**To do:** The data below should be restated word for word, pictures omitted.

Recorded information START

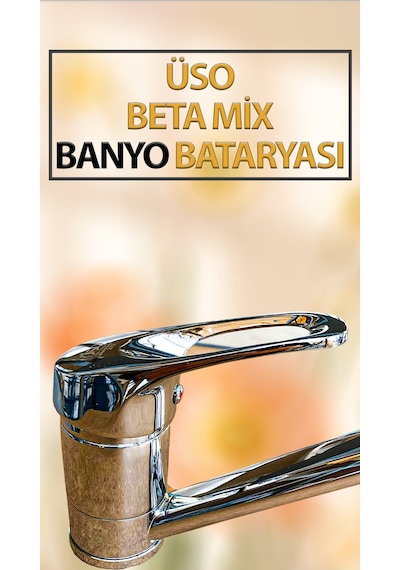 Üso Beta Mix Evye Bataryası Krom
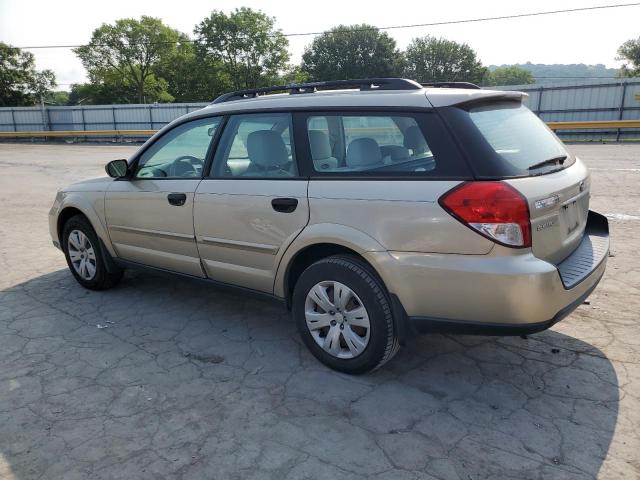 4S4BP60C287353212 - 2008 SUBARU OUTBACK GOLD photo 2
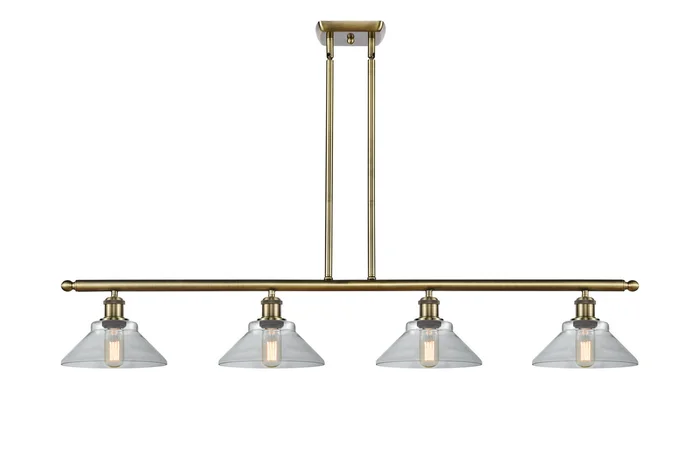 Ballston LED Island Pendant in Antique Brass (405|516-4I-AB-G132-LED)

Recorded information END

**Result:**
 Üso Beta Mix Evye Bataryası Krom
 4S4BP60C287353212 - 2008 SUBARU OUTBACK GOLD photo 2
 Ballston LED Island Pendant in Antique Brass (405|516-4I-AB-G132-LED)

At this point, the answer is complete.